# Just saw this about windjammer from the Travel Agent side...



## Sandy VDH (Oct 2, 2007)

I am sure it will also have a timeshare ramification...

"Windjammer Barefoot Cruises Cancels Sailings


Windjammer Barefoot Cruises announced on a message through its phone reservation line that it has cancelled all cruises scheduled to sail the week of Sept. 29, 2007 for the Legacy, Polynesia and Yankee Clipper. Windjammer has not announced a refund policy regarding the cancelled sailings and has not responded to ASTA's attempts to obtain more information. 

Although Windjammer has not announced that it will file for bankruptcy protection, customers who made payments for a cancelled Windjammer cruise by credit card should immediately contact their credit card company to dispute the charge. "

Isn't there a few TUG members who own here.


----------



## SciTchr (Oct 2, 2007)

Sandy Lovell said:


> Isn't there a few TUG members who own here.



Are you thinking of Tradewinds Cruise Club? You can buy weeks with them. As far as I know, Windjammer is a cruise line. I have been reading that they were having problems. Does not sound good.


----------



## Sandy VDH (Oct 2, 2007)

I own Tradewinds, there is not issue with them, they are NOT what I am talking about here.

There were some timeshares sold on Windjammer, yes the same Windjammer that operates a small tall sailing vessel cruise line.
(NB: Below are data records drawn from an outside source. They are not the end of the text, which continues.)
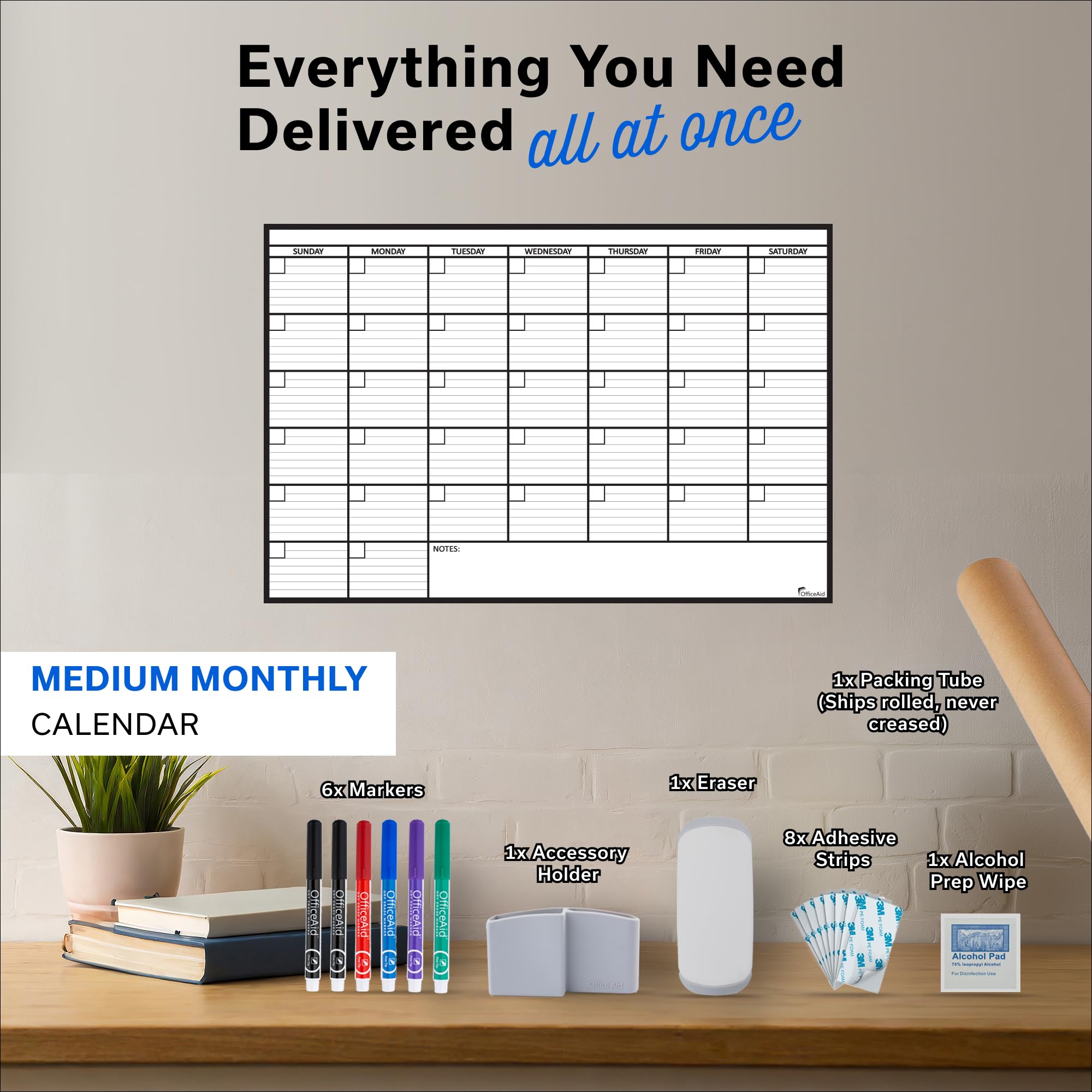 Calendario grande de borrado en seco para pared de 24 x 36 pulgadas, oficina familiar gigante, grande, reutilizable, planificador mensual borrable, pizarra blanca enrollada, calendario de borrado en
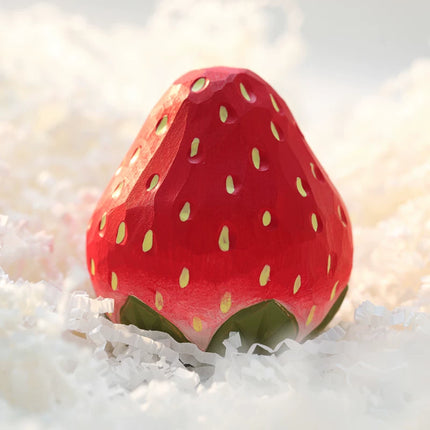 Eastcoco  Strawberry Bear Handmade wood carving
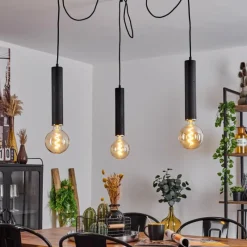 hofstein Suspension Wheelwright Nickel mat, Noir, 3 lumières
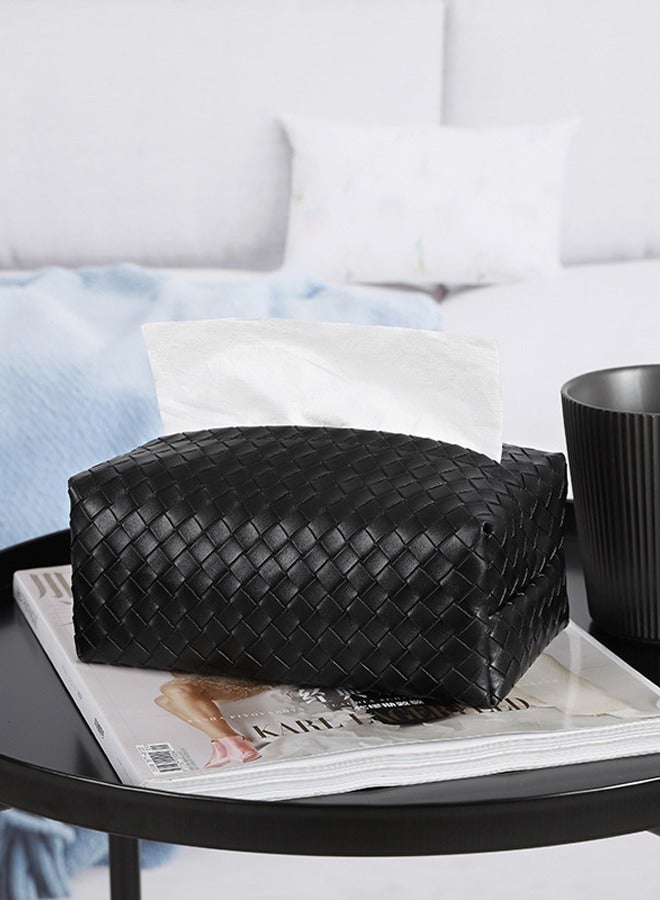 فلاي رود أغطية علب مناديل ورقية مستطيلة الشكل مستطيلة الشكل مكعبة من الجلد الصناعي منسوجة من الجلد الصناعي لأغطية علب المناديل الورقية المنسوجة لحامل صينية تنظيم صينية للمنزل مكتب مكتب مكتب ديكور حمام السيار - Image 3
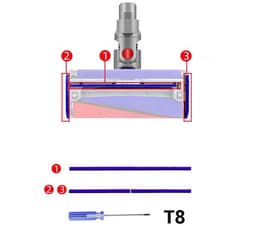 Geschikt voor dyson V6V7V8V10V11 stofzuigeraccessoires anti-schuurmiddel strip met wollen rand voor het vervangen van de strip, een lange twee korte + schroevendraaier — thumbnail 2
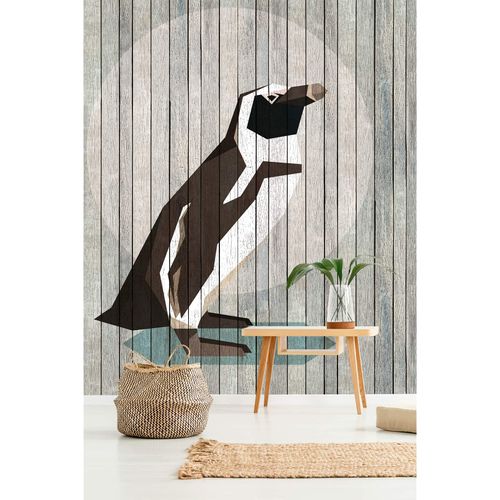 Image Photo Wallpaper Non-Woven Penguin Wood Panels beige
I can think of at least Perry M as an owner, but I could be mistaken.  There were also a few other owners.

I am not confused about this. It is Windjammer.  Sorry, but that is how rumors get started.


----------



## Bootser (Oct 2, 2007)

I used to own at the Windjammer Landing until about a year ago. Windjammer Landing did have a way to trade for some type of barefoor cruise, either Tradewinds or Windjammer cruises.
But Windjammer is owned by Festiva Resorts. I do not believe it has anything to do with Windjammer Cruises. The Atrium now offers some sort of trade or exchange into a barefoot cruise through Festiva as well, since they were bought by Festiva.


----------



## Sandy VDH (Oct 3, 2007)

Festiva owns Festiva Sailing vacation.  I am not sure but I think that was previously called Elite Island Yachts.

Are there NO Windjammer Barefoot Cruises owners who can weigh in?


----------



## philemer (Oct 10, 2007)

http://blogs.usatoday.com/cruiselog/  Windjammer Barefoot Cruises in deep do-do. They do vow to sail again.
http://windjammer.com/


----------



## JoyceFNP (Oct 12, 2007)

:whoopie:  WIndjammer did sell timeshares, but it never happened.  There are a lot of people who spent a lot of money who are pretty mad.  
Tradewinds is doing fine, thank you.  In fact I got an email yesterday, they are doing an experimental cruise off of Brazil in May.


----------